→ PROVIDED MATERIAL:

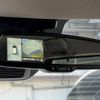nissan dayz 2019 -NISSAN--DAYZ 5AA-B44W--B44W-0018438---NISSAN--DAYZ 5AA-B44W--B44W-0018438- image 27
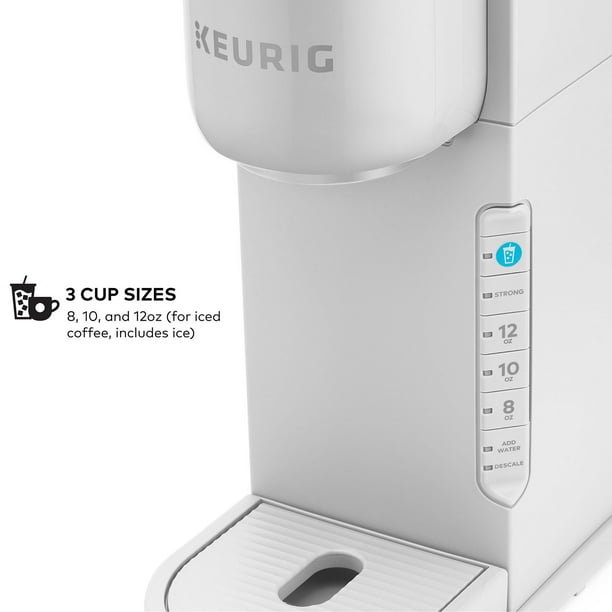 14 oz water bottle to cups 14 oz Soul Tumbler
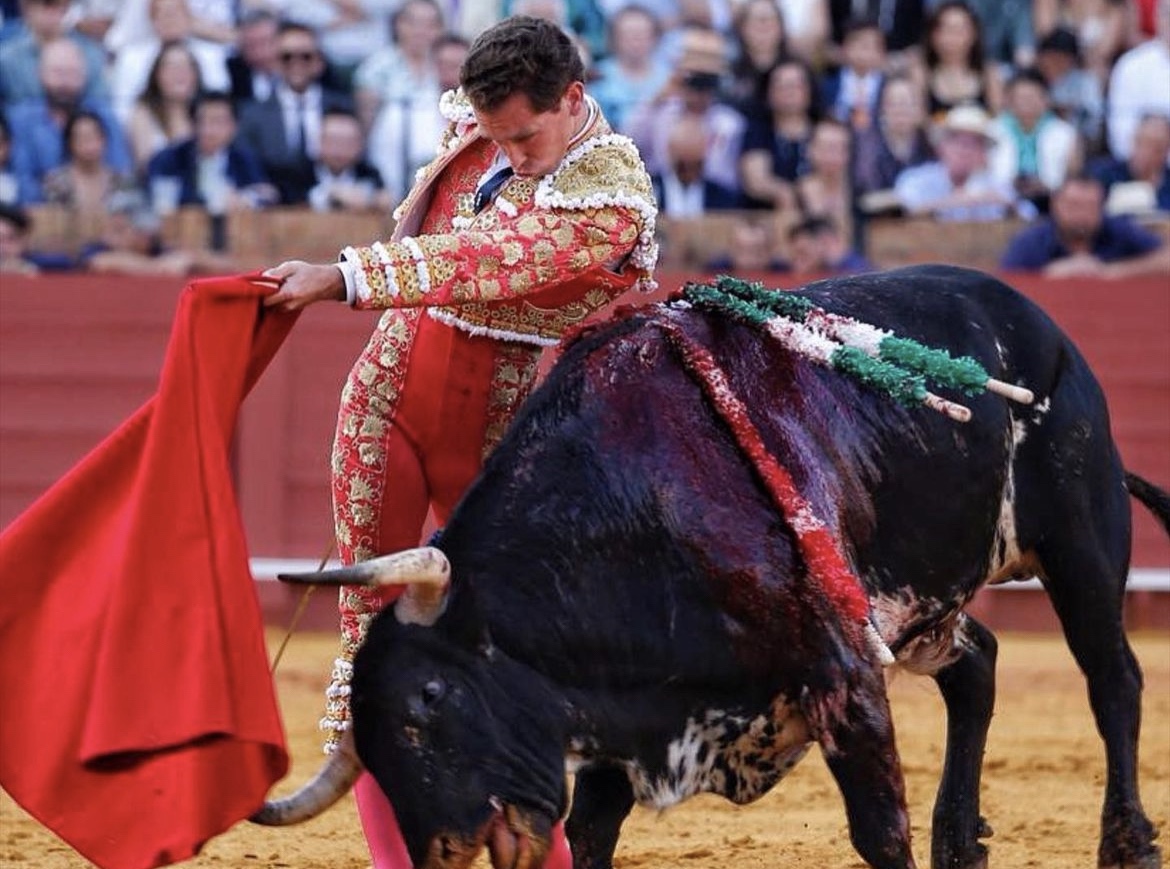 Opinión: Buenos síntomas.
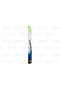 Wiper Blade 574156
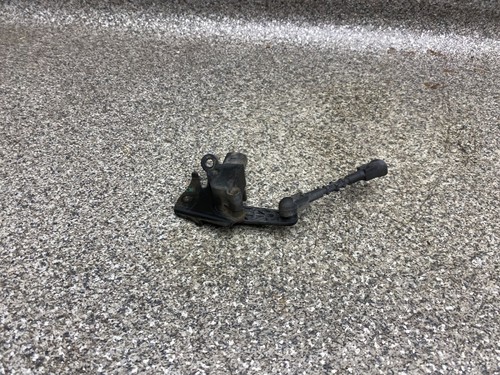 Höhensensor vorne 1t0907503b - höhensensor,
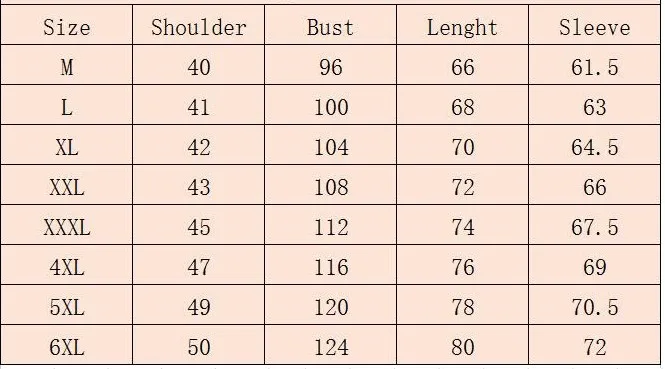 

New Arrival high quality Men Suit Single Button Leisure Blazers Jacket Men men's Korean Fashion Slim Fit Casual Blazer suits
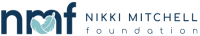 Nikki mitchell foundation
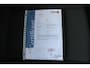 BMW 5-Serie 520d High Exe 2e eigenaar Gr.Navi | ECC | Xenon | Cruise | Stoelverw | PDC | Tel Bluetooth | Standkachel | LMV | Dealer onderhouden | Zeer nette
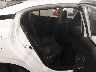 3N1AB8CV6MY****** Wrecked 2021 Nissan Sentra in Des Moines
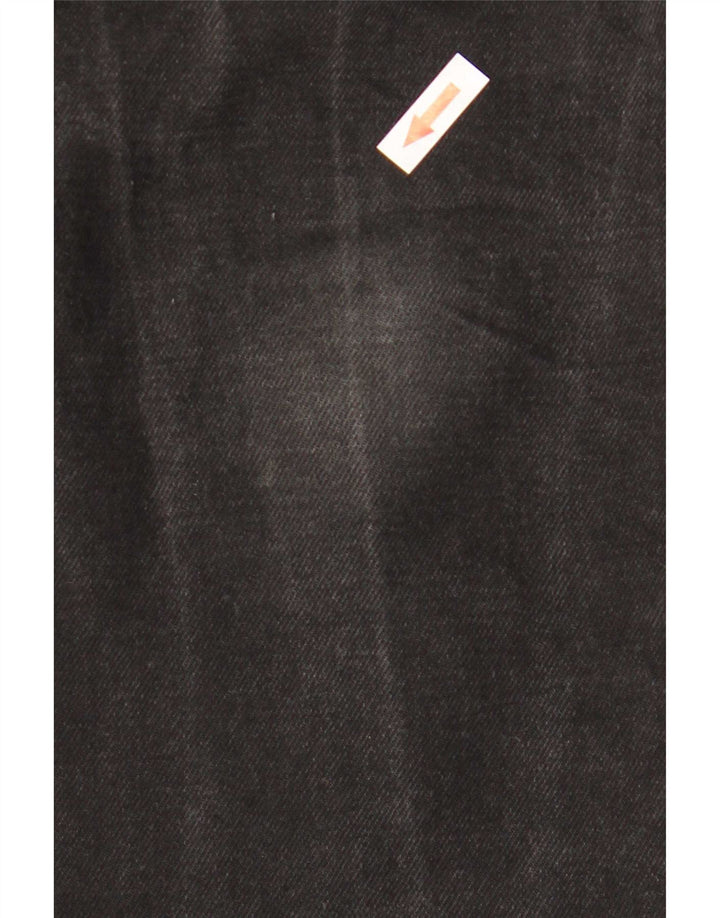 Jeans slim da uomo Ben Sherman W34 L34 neri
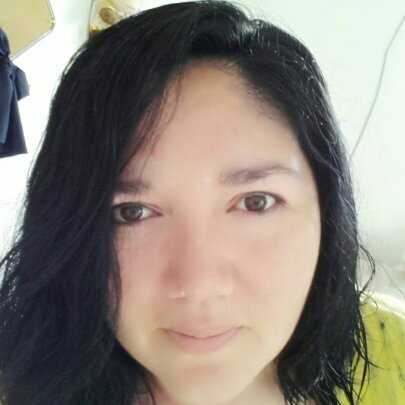 Alicia Borges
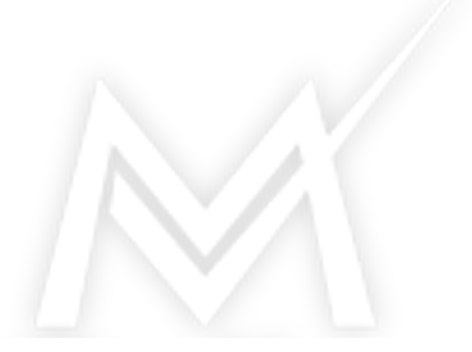 M logo watermark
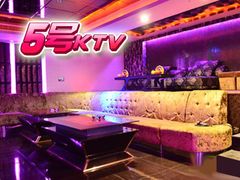 -5号KTV音乐广场(天通苑店)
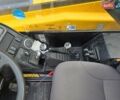 Желтый ЖЦБ 535-125, объемом двигателя 4.4 л и пробегом 0 тыс. км за 50900 $, фото 10 на Automoto.ua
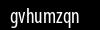 Biztonsági kód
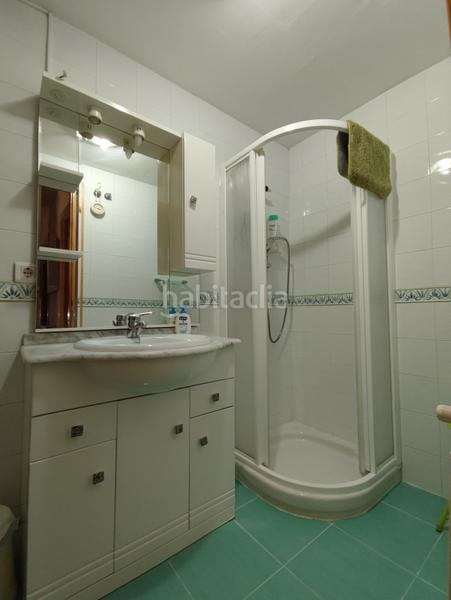 Foto 568b1324-8b70-46ce-acfe-46f577635586. Casa adossada amb calefacció a El Perchel Ciudad Real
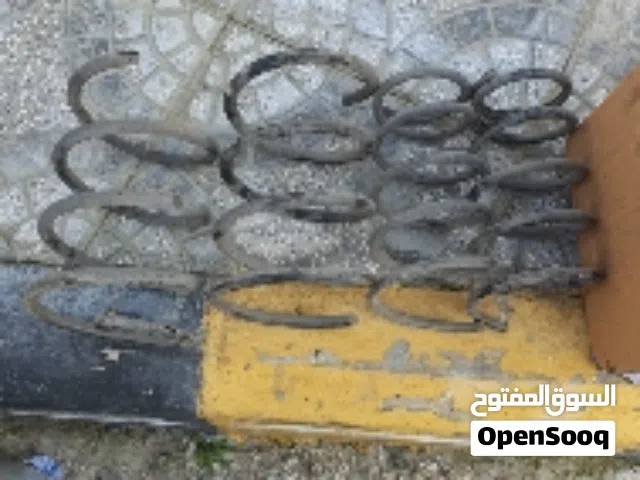 كعكات صنوبرصات أفانتي 97 مقصوصات طوطاي للبيع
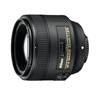 AF-S NIKKOR 85mm f/1.8G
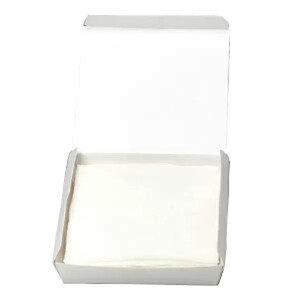 �Ɩ��p �^�k�} ���イ�ЃN���[�v(��) �Ⓚ 35g 10�� (788719000)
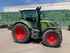 Tractor Fendt 516 VARIO GEN3 PROFI PLUS Image 4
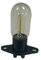 LAMPE LED pour MICRO ONDES WHIRLPOOL - C00849455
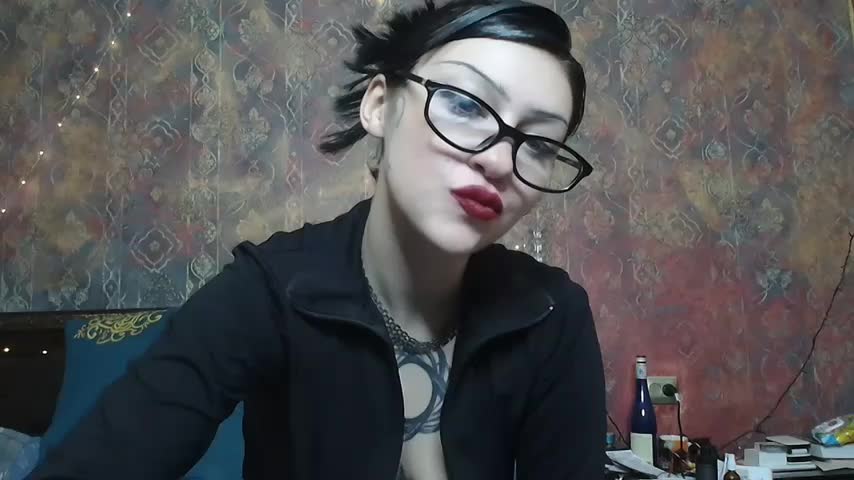 Susie_su Adult Chat November 30, 2025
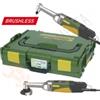 Proxxon Set macchine a collo lungo LHW/BL + LWB/BL, in L-BOXX 29 290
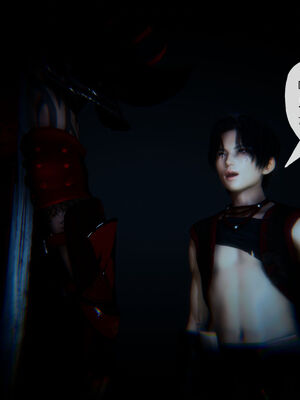 [TTi] 天玄神魔录 01-10_7-174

→ YOUR ASSIGNMENT:
Set down word for word each line from the one containing "Желтый ЖЦБ 535-125, объемом" through the end of the material, and keep the pictures out of it.

→ EXERCISE RESPONSE:
 Желтый ЖЦБ 535-125, объемом двигателя 4.4 л и пробегом 0 тыс. км за 50900 $, фото 10 на Automoto.ua
 Biztonsági kód
 Foto 568b1324-8b70-46ce-acfe-46f577635586. Casa adossada amb calefacció a El Perchel Ciudad Real
 كعكات صنوبرصات أفانتي 97 مقصوصات طوطاي للبيع
 AF-S NIKKOR 85mm f/1.8G
 �Ɩ��p �^�k�} ���イ�ЃN���[�v(��) �Ⓚ 35g 10�� (788719000)
 Tractor Fendt 516 VARIO GEN3 PROFI PLUS Image 4
 LAMPE LED pour MICRO ONDES WHIRLPOOL - C00849455
 Susie_su Adult Chat November 30, 2025
 Proxxon Set macchine a collo lungo LHW/BL + LWB/BL, in L-BOXX 29 290
 [TTi] 天玄神魔录 01-10_7-174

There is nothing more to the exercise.